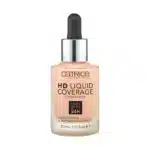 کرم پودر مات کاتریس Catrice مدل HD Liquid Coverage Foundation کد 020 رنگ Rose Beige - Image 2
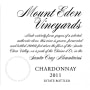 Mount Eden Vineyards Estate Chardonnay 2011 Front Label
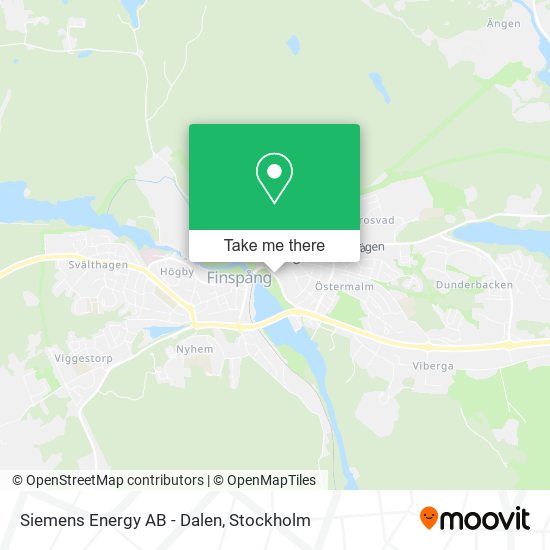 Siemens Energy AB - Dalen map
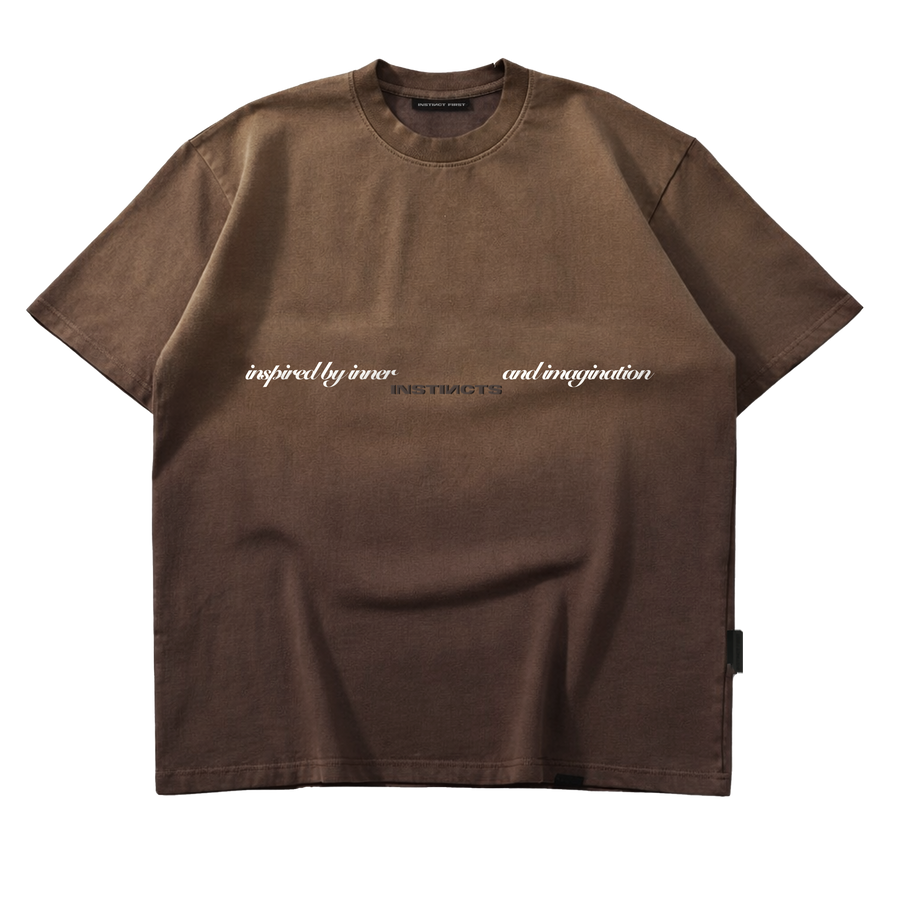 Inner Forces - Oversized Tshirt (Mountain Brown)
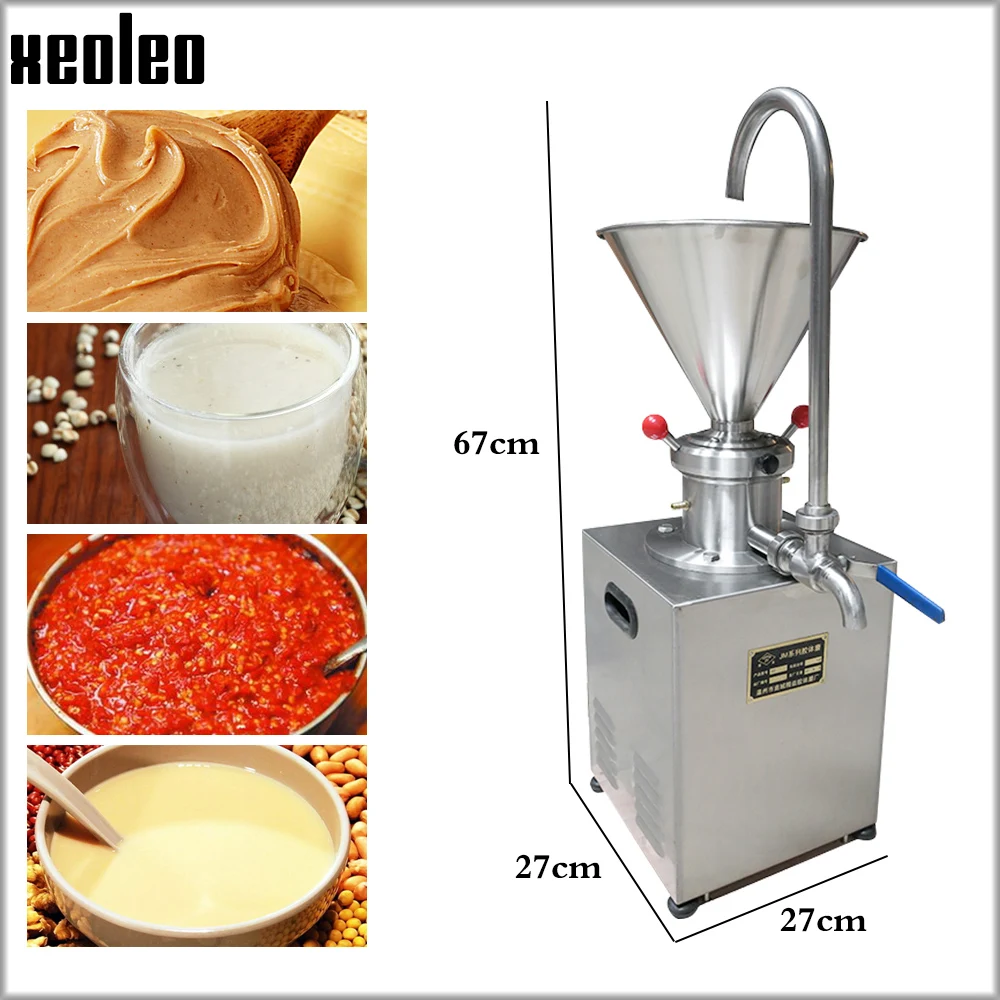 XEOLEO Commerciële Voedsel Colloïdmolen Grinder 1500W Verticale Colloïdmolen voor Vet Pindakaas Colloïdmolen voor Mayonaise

* What to do: In the records above, find the line that contains "Mount Eden Vineyards" and repeat exactly that line and all lines after it to the end. Do not include pictures.

* Exercise response:
 Mount Eden Vineyards Estate Chardonnay 2011 Front Label
 Siemens Energy AB - Dalen map
 Inner Forces - Oversized Tshirt (Mountain Brown)
 XEOLEO Commerciële Voedsel Colloïdmolen Grinder 1500W Verticale Colloïdmolen voor Vet Pindakaas Colloïdmolen voor Mayonaise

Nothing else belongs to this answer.